There are different kinds of satisfactory arguments that may meet the previous four conditions. These are determined by the way in which the premises provide sufficient evidence for the conclusion, and involve what is called the logic or form of the argument. We classify arguments as either inductive or deductive.

An inductive argument is one where the truth of the premises, while not guaranteeing the truth of the conclusion, purports to be a good reason for belief that it is true. (The classical conception of induction is that of generalizing from particular instances. The sense we use here is broader than that.) Arguments (c) and (d), for example, are inductive arguments. It is possible, however, that while the premises are true, the conclusion is discovered later to be false. Inductive arguments, therefore, cannot establish a conclusion as certain.

A deductive argument is one in which the conclusion follows necessarily from one or more of the given premises--i.e., if the premises are true, then the conclusion must be true. (Because of this characteristic, such arguments are also called valid. Validity, then, refers simply to the form of the argument or process of reasoning. It does not indicate, suggest, or entail that either the premises or the conclusion are actually true). Arguments (a) and (e) are examples of deductive arguments.

Having either of these forms is not sufficient to make an argument satisfactory. Thus we talk of the correctness or soundness of these arguments, respectively. An inductive argument is correct and, therefore, satisfactory if (i) the premises are clear, true, and relevant, (ii) there are no clear, true, and relevant contradictory premises, and (iii) the premises provide adequate evidence for believing the conclusion to be probably true. A deductive argument is sound and, therefore, satisfactory if the premises are clear, true, and relevant, and are arranged in a way that establishes the conclusion as certainly true (i.e., that it has a valid form). In short, then, some inductive and deductive arguments are not satisfactory. (i.e., inductive and deductive arguments which have unclear, false or irrelevant premises and inductive arguments in which the premises do not provide good reason for believing that the conclusion is true.)

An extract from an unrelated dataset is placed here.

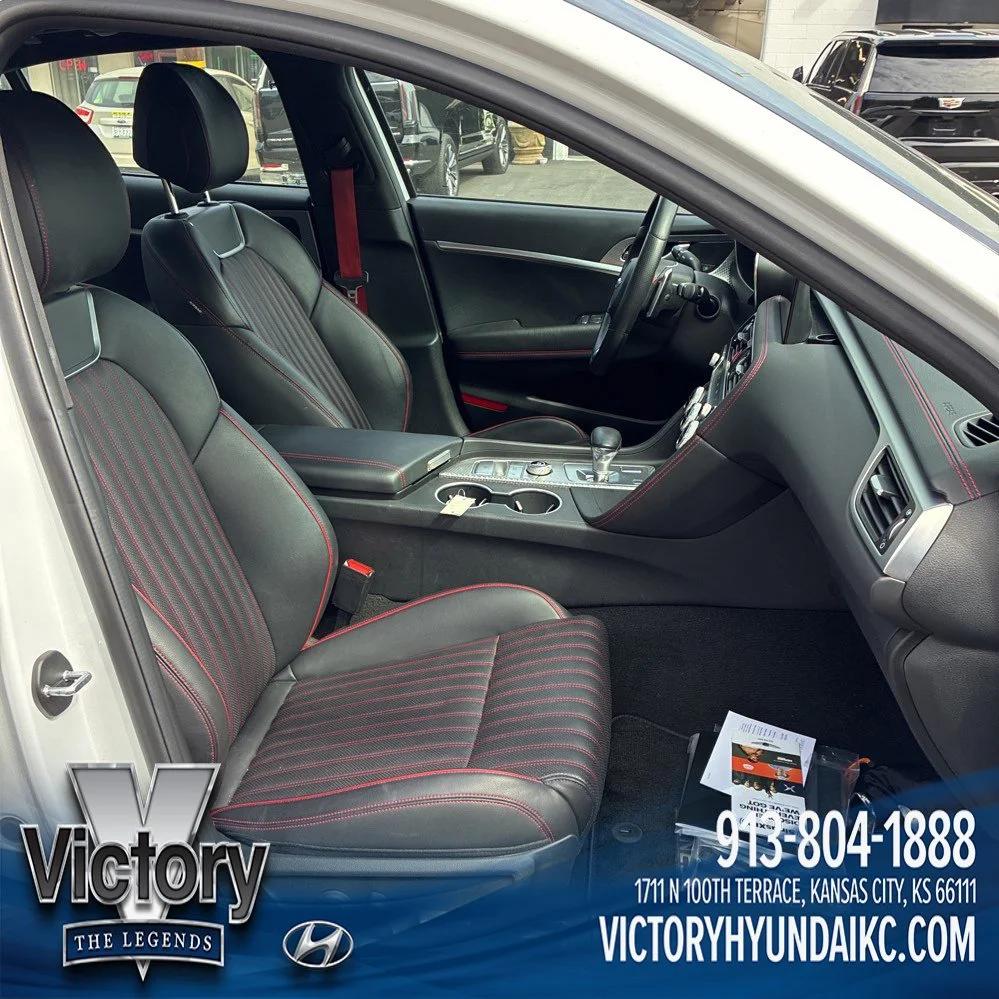 Used 2023 White Genesis 2.0T image 8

This, then, outlines the conditions for a satisfactory argument. When we read or write philosophical arguments, we should keep these conditions in mind, because an argument can be criticized if it does not meet one or more of them. If an argument has premises which are false, or unclear, or irrelevant, or if the premises do not provide sufficient evidence for the conclusion, we usually have good grounds for rejecting it.

N.B. ... It is one thing to say that an argument is not satisfactory; it is quite another to say that it is not convincing. Bad arguments often do convince people and some good arguments fail to convince people. To be convinced refers to a psychological state of the listener or reader, and people can (though they should not, if they are fully rational) be influenced through emotion or prejudice rather than argument.

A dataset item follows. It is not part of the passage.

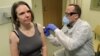 Jennifer Haller, la primera voluntaria que recibió una inyección de la vacuna experimental contra el coronavirus, en una imagen tomada de un mensaje de Associated Press en Twitter.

Common problems in identifying arguments

1. A set of sentences each of which expresses a proposition may constitute an exposition rather than an argument.

2. Indicator words may be missing from an argument, in which case the premises and conclusion can often be recognized by other linguistic cues or by knowledge of the context.

3. Indicator words may be present when there is no argument.

4. The conclusion may be implicit rather than stated.

5. Premises may be omitted, in which case it may be necessary to examine the context to determine exactly which premise(s) should be applied.